Work request ▸
Give back exactly the lines of the entries below from the line with "Πανηγυρισμοί στην Λισαβόνα" to the line with "Women's Crochet Big", inclusive, and only those.

Task inputs ▸
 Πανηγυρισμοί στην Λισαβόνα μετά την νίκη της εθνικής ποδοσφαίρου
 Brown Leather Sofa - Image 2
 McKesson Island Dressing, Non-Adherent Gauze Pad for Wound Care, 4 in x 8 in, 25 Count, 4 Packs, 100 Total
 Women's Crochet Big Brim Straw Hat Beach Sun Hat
---
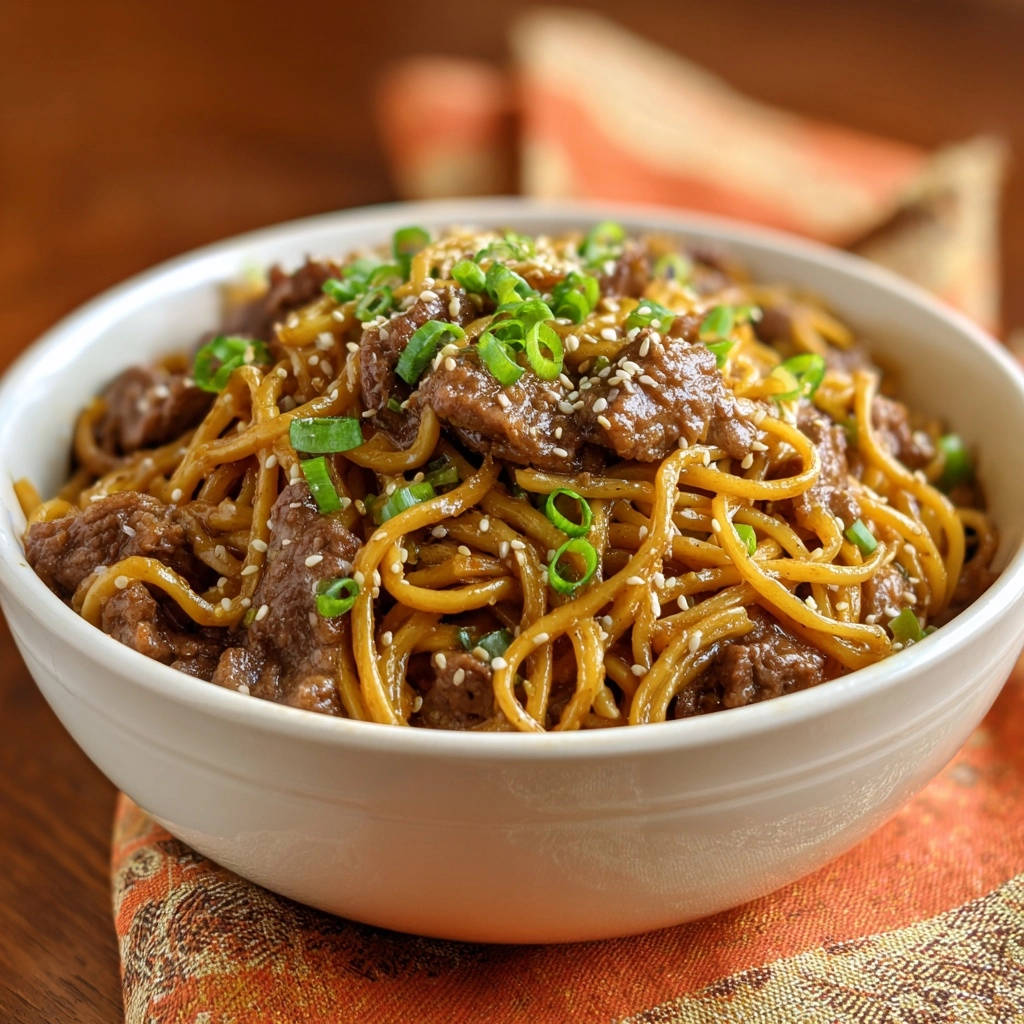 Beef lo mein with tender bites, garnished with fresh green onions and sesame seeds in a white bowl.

Response to this exercise ▸
 Πανηγυρισμοί στην Λισαβόνα μετά την νίκη της εθνικής ποδοσφαίρου
 Brown Leather Sofa - Image 2
 McKesson Island Dressing, Non-Adherent Gauze Pad for Wound Care, 4 in x 8 in, 25 Count, 4 Packs, 100 Total
 Women's Crochet Big Brim Straw Hat Beach Sun Hat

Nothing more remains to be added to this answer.